Brief update, hesitant about plastics appointment, and GREAT NEWS!

It’s been 11 days since my final chemo, and I’m  starting to feel better. I can function on a normal night’s sleep (without sleep aids like melatonin or Advil PM) and only one small, hour-long (or so) nap in the afternoon. This is in contrast to last week’s 20+ hours of sleep a day. I can walk further distances without my oxygen dropping, but there’s still a way to go to build back my stamina. Taste is coming back; bone pain is gone; the neuropathy on my right side is the same (ugh).

I’m slowly crossing off the last few tasks prior to surgery – I have a few more appointments and tests before I can schedule the surgery date.

I meet with the plastic surgeon next week. Even with a lumpectomy, there could be reconstruction and shaping necessary, but I have a mind-block about seeing a PLASTIC SURGEON. I’ve put off scheduling the consultation for weeks. While any reconstruction would be the result of a medical issue, the thought of walking into a plastic surgeon’s office just seems…icky and vain. I have images of sitting in the waiting room among supermodels seeking ginormous boobs and lip injections or the Human Barbie Doll looking for her fifth nose job and butt lift. It’s my personal mental block, and I hope the visit next week puts that to rest.

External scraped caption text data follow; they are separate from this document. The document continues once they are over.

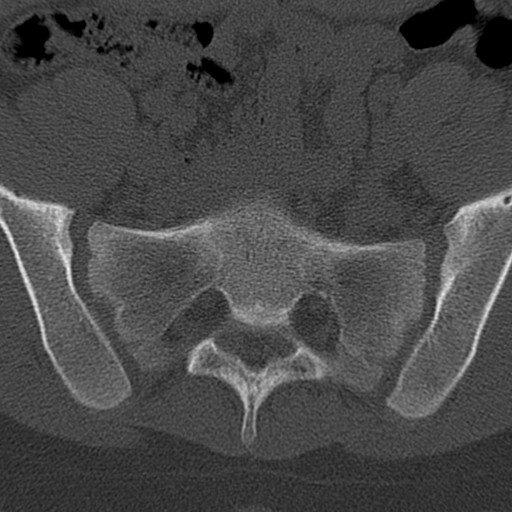 Bilateral pars defect (Radiopaedia 26691-26846 Axial bone window 89).jpg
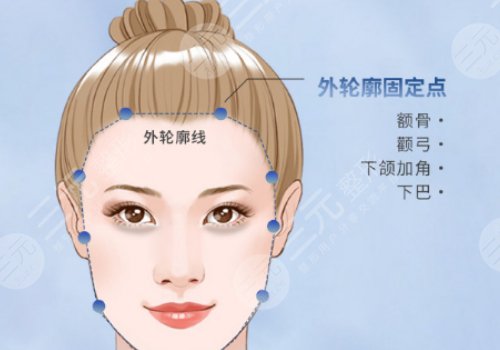 面部輪廓固定多少錢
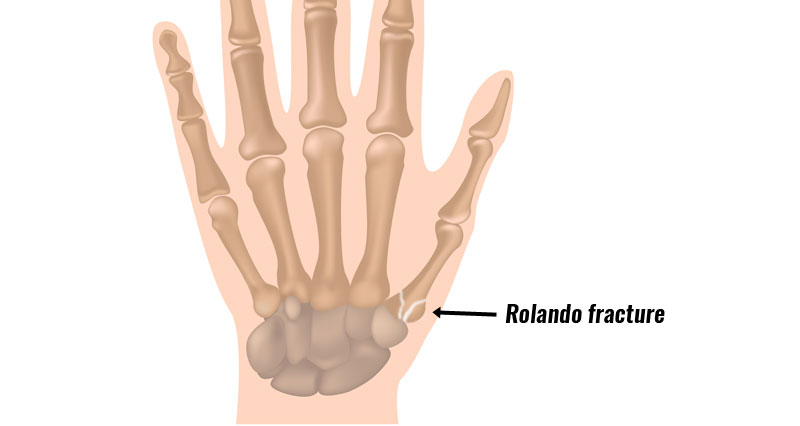 Rolando fracture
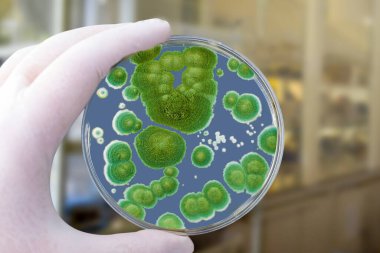 Petri kabını Penicillium mantar kolonileriyle tutan araştırmacı. Penisilyum, peynir üretiminde kullanılan ve antibiyotik penisilin üreten bir mantar türüdür.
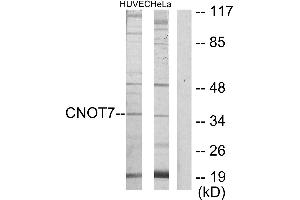 Western blot analysis of extracts from HUVEC cells and HeLa cells, using CNOT7 antibody.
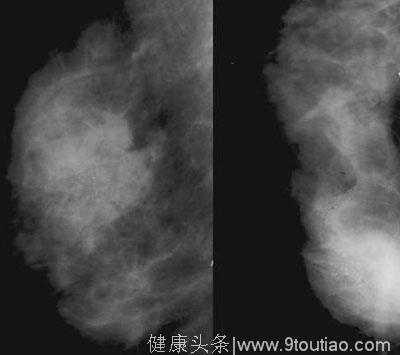 乳腺B超：BI-RADS 3级——是什么意思？严重吗？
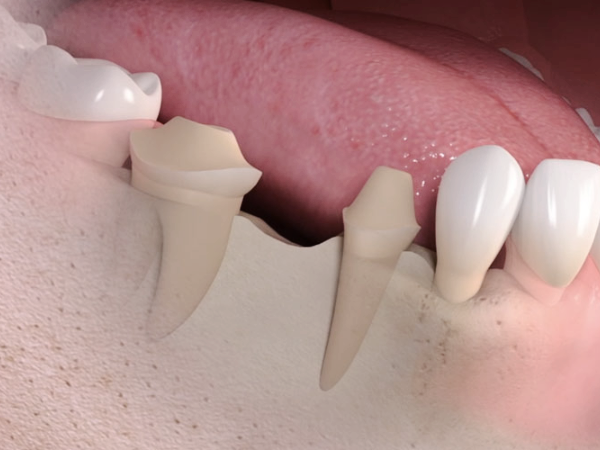 마곡동치과_1. 브릿지 치료란 무엇인가요? 임플란트, 틀니와 차이부터 정리합니다 관련 이미지 7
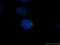 Centrosomal Protein 135 antibody, 24428-1-AP, Proteintech Group, Immunofluorescence image 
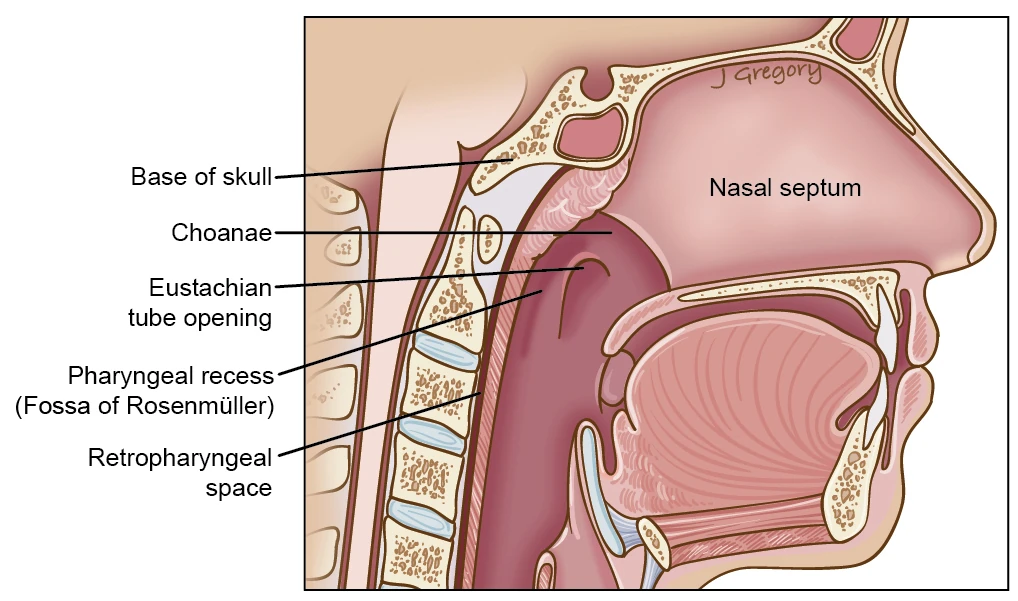 Nasopharynx Rosenmuller Fossa Ranzcrpart1 Wiki Fandom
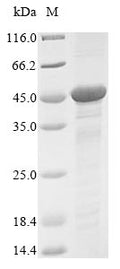 (Tris-Glycine gel) Discontinuous SDS-PAGE (reduced) with 5% enrichment gel and 15% separation gel.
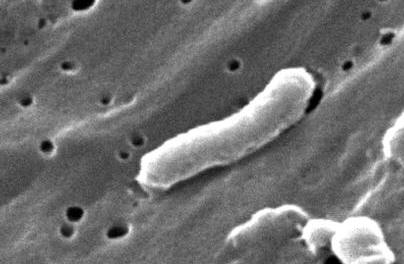 cholera bacteria gram stain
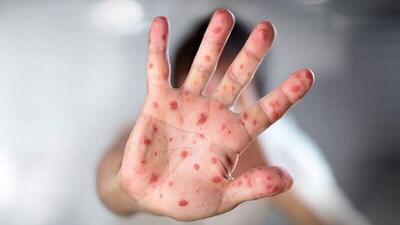 شیوع سرخک منجر به مسمومیت ویتامین A می‌شود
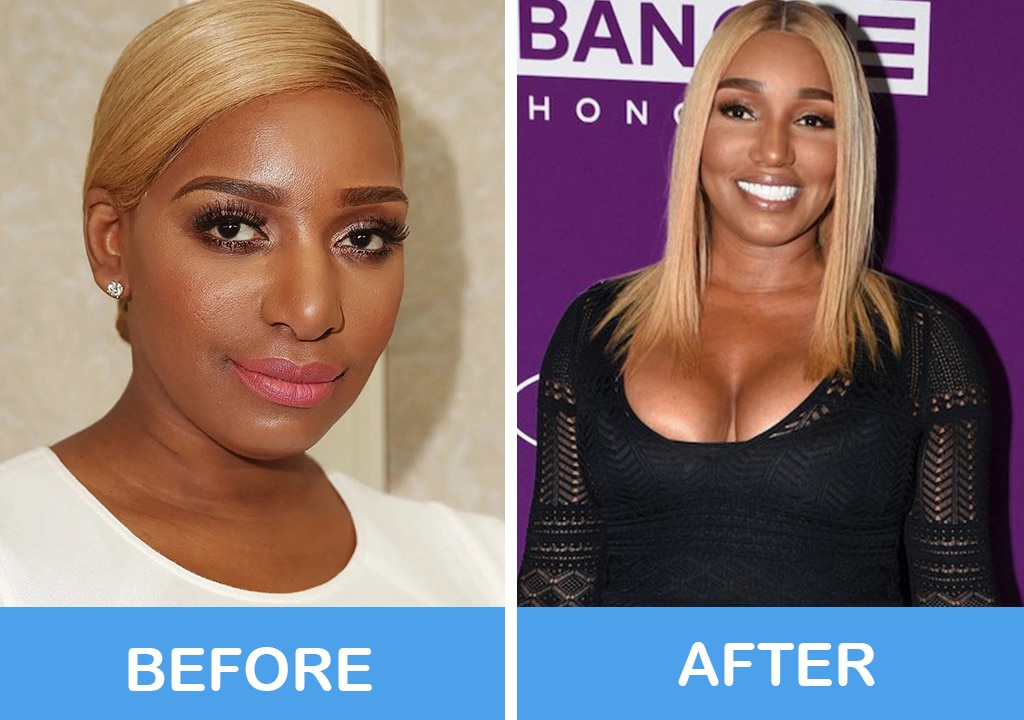 NeNe Leakes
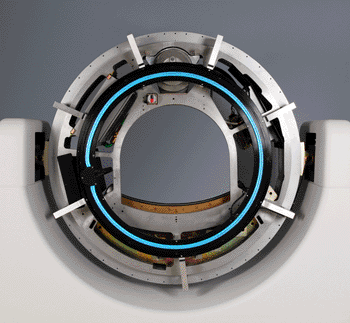 Imagen: El sistema de energía sin contacto Link transfiere energía del gantry estacionario al disco rotativo sin contactos de escobillas (Fotografía cortesía de Analogic).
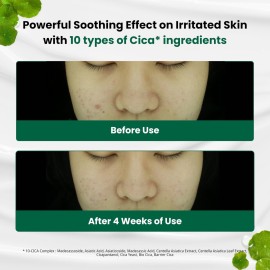 Dr.G Red Blemish Clear Soothing Korean Moisturizer Face Cream, 70ml - Cica Cream, Korean Skin Care Moisturizer, Korean Face Moisturizer, Facial Moisturizer, Korean Skincare, K Beauty Skincare Coreano Dr.G Red Blemish Clear Soothing Korean Moisturizer Face Cream, 70ml - Cica Cream, Korean Skin Care Moisturizer, Korean Face Moisturizer, Facial Moisturizer, Korean Skincare, K Beauty Skincare Coreano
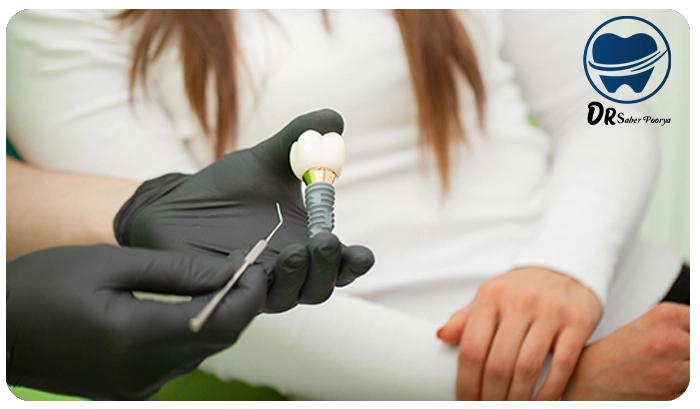 ایمپلنت در دوران بارداری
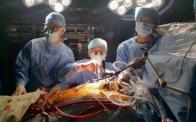 Minimally Invasive Mitral Valve Repair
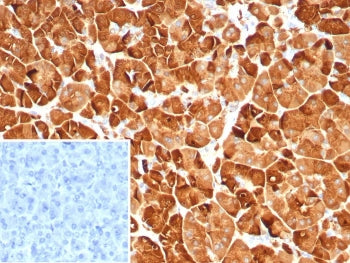 PNLIP Antibody / Pancreatic lipase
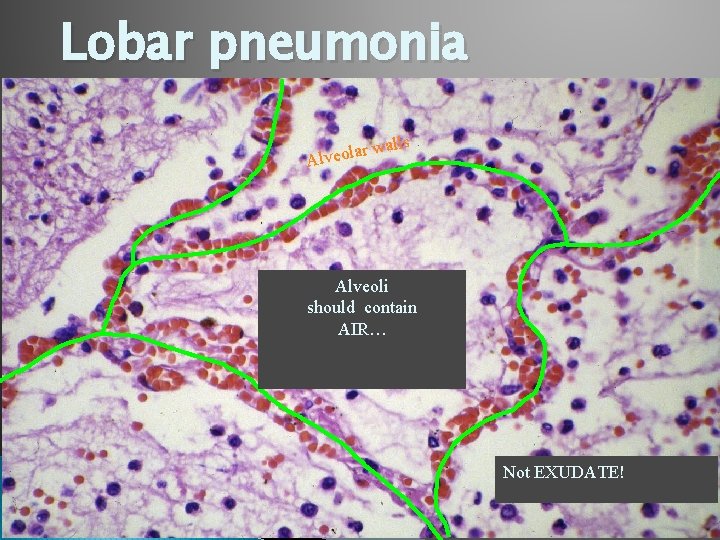 Lobar pneumonia ls wal r a l o e v Al Alveoli should contain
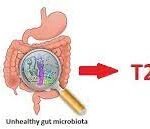 Diabetes in the Gut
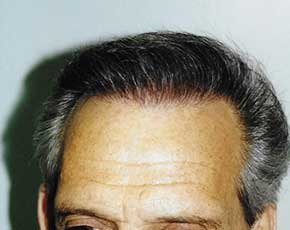 Hair Transplant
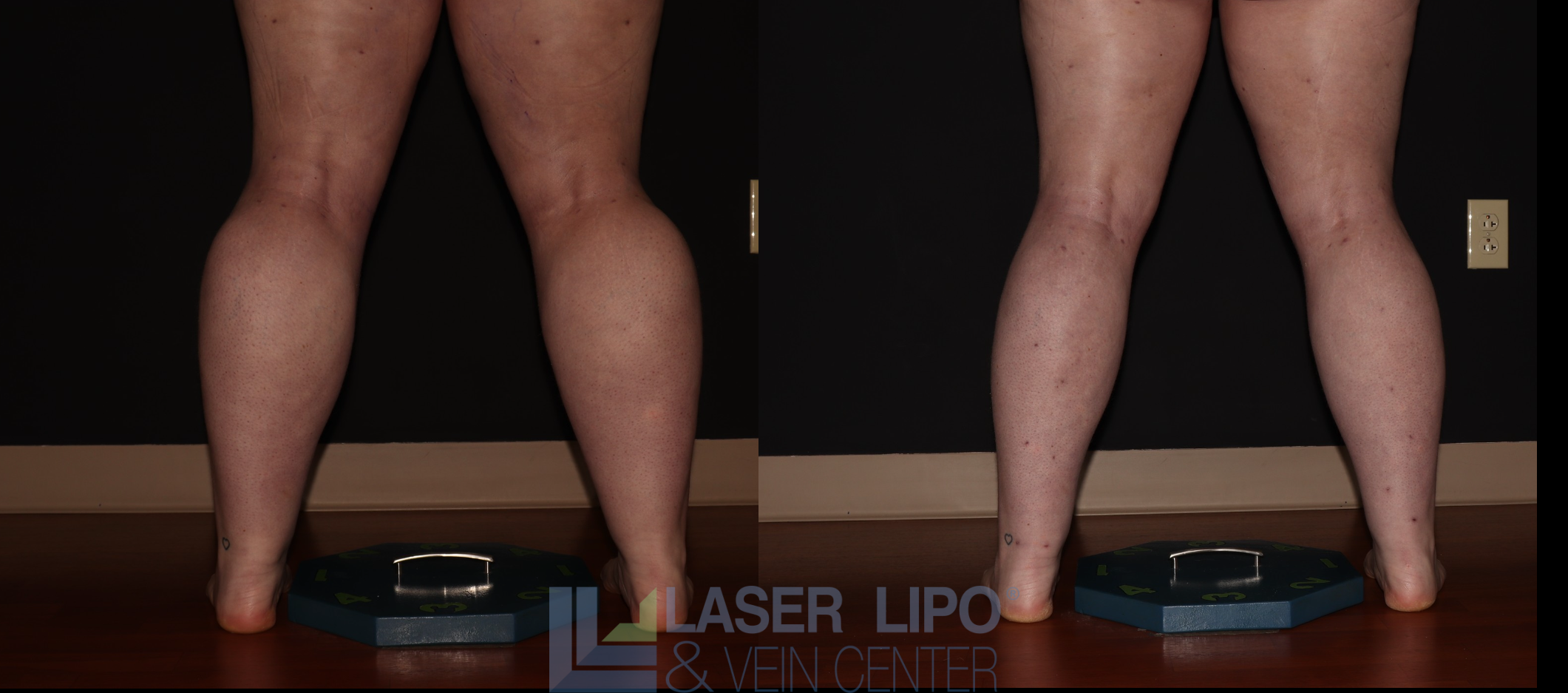 Before and After Image: Stage 2 – Calves - back
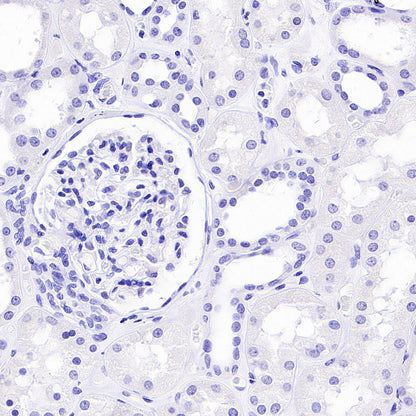 PAM Recombinant Rabbit mAb (SDT-2995-30)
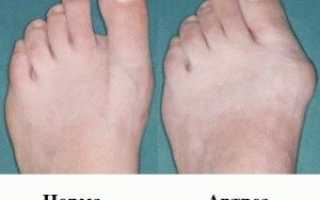 Артроз плюснефалангового сустава первого пальца стопы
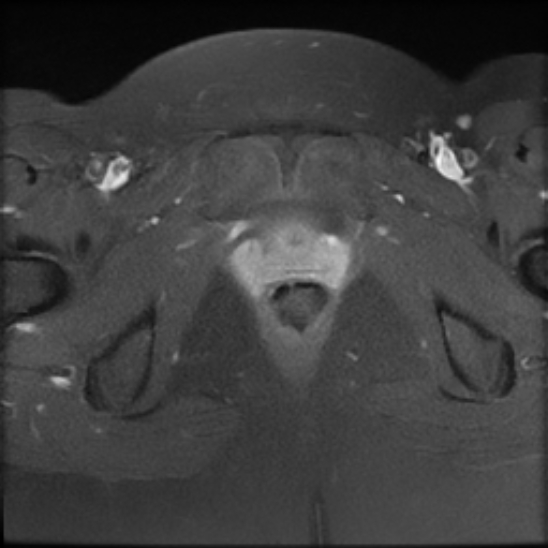 File:Bilateral ovarian fibrothecomas - adolescent (Radiopaedia 86604-102707 Axial T1 C+ fat sat 27).jpg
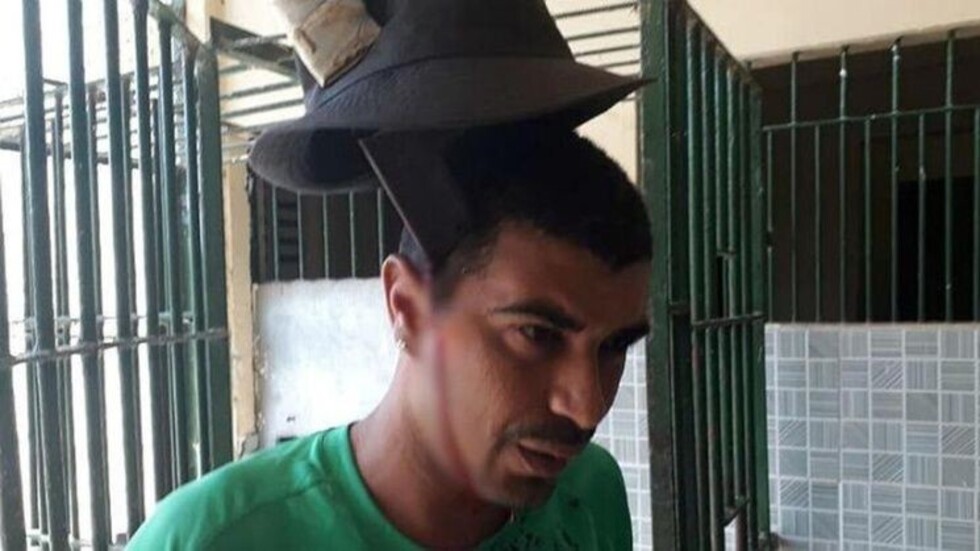 Le clavaron machete en la cabeza y sobrevivió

But the BEST NEWS involves the mammogram and ultrasound I had yesterday. The mammogram was fairly routine and quick. But it took more than an hour in the ultrasound room because the tech couldn’t find the tumors. She eventually called the doctor to come in. The doc COULDN’T find them either. Finally, after much searching, pulling up the images from December and April to compare “landforms” in my breast tissue, and MORE searching, the doc finally found the clips that were placed during the biopsy. The tumors are so small now that the doc couldn’t measure them. They’ve changed from football-shaped masses with tentacle-like things in all directions (December) to smaller eyeball-shaped masses with “cat eye” tails on each end (April) to small, narrow, flat masses (now). The doc explained that given the current shape, what’s left is most likely scar tissue from the biopsy and/or the breast filling in the spaces left from the tumors. But basically, the tumors (the cancer) are GONE, at least the masses aren’t “cancer-like” on the ultrasound. The masses don’t look like cancer anymore. Six months of chemo worked! Of course, we won’t know anything for sure until surgery, but the images were so positive that the tech, doc and I exchanged high fives in the ultrasound room. Can’t wait to get the thoughts of the oncologist and surgeon on this latest imagery.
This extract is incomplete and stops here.